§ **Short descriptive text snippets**
------------------------------------------------------------------------
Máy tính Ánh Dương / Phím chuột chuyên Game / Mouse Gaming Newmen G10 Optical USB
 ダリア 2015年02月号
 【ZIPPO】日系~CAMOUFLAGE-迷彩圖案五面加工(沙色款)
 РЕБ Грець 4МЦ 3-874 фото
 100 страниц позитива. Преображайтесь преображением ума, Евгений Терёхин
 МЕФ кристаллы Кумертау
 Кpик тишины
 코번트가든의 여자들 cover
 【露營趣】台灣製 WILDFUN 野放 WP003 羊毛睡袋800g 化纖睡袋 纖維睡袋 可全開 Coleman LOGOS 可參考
------------------------------------------------------------------------
§ **What you should do**
Without leaving anything out, repeat every entry shown above.

§ **Written solution**
Máy tính Ánh Dương / Phím chuột chuyên Game / Mouse Gaming Newmen G10 Optical USB
 ダリア 2015年02月号
 【ZIPPO】日系~CAMOUFLAGE-迷彩圖案五面加工(沙色款)
 РЕБ Грець 4МЦ 3-874 фото
 100 страниц позитива. Преображайтесь преображением ума, Евгений Терёхин
 МЕФ кристаллы Кумертау
 Кpик тишины
 코번트가든의 여자들 cover
 【露營趣】台灣製 WILDFUN 野放 WP003 羊毛睡袋800g 化纖睡袋 纖維睡袋 可全開 Coleman LOGOS 可參考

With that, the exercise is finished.